In 2012, 22.2 per cent of births at Wollongong hospital involved second degree tears, while in the past five years this has increased to affect around 30 per cent of women. This rate is on par with the statewide rate of second degree tearing.
These tears are more common in the private hospital; a decade ago about 30 per cent of women at Figtree Private Hospital had second degree tears, while over the past three years the rate has sat between 37.5 and 40.5 per cent at Wollongong Private Hospital.
Ms Gedge said other statistics in the Mother and Babies report showed a statewide increase in the rate of inductions and the rate of caesareans, especially for first-time mothers.
In Wollongong Hospital, the induction rate has gone from 30.4 per cent in 2012 to 38.8 per cent in 2021, while in Wollongong's private hospitals the rate changed from 37.1 per cent to 40.6 per cent in those ten years.
These are both slightly higher than the NSW rate (35.5 per cent), which also increased in the decade.

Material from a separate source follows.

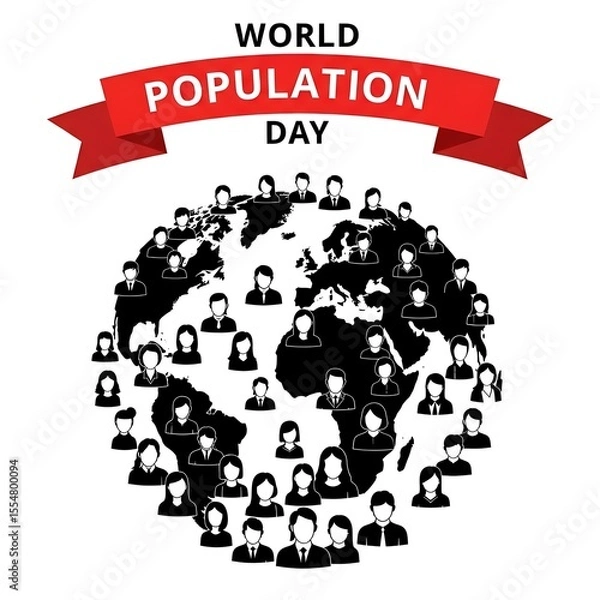 Fototapeta World Population Day Awareness Graphic Featuring People Silhouettes Forming World Map on a White Background with Red Banner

Ms Gedge said it was important to note interventions were sometimes necessary, but said current rates indicated unnecessary ones may be being used.
"Inductions are an intervention, which means you have a higher risk of needing pharmacological pain relief or other interventions, because if your body is not ready to go into labour, there can be problems," she said.
"And in caesarean birth, there's a higher risk of complications, so a risk of blood loss or infection for instance, and a higher risk of the baby requiring some type of support after birth.
"It also means you are in pain and unable to be as mobile after birth, and there are often issues about being separated from your baby, and really struggling in those first few weeks of being a new mum."
She said the link to birth trauma came about because of the increasing uncertainty that came with each decision, and the fact that one intervention can lead to others.
"When you have model that is so interventionist, there's more times when a woman is faced with choices of difficult decisions she had to make - at a very stressful time - and this means she may not feel she is able to make an informed choice," Ms Gedge said.
"If you have a higher vacuum, forceps or episiotomy rate, those are things that are happening in the spur of the moment. They are not something that is planned, and so of course that's going to be a traumatic event for a woman."
The nurses union has been campaigning over several years for higher staffing ratios in maternity wards and antenatal clinics, which Ms Gedge said would help to reduce unnecessary and unplanned interventions.
"We need more more midwives, a higher emphasis on continuing of care, and we need women to feel confident about their body's ability to give birth, and we need timely and sensible obstetric intervention, only when it is required," she said.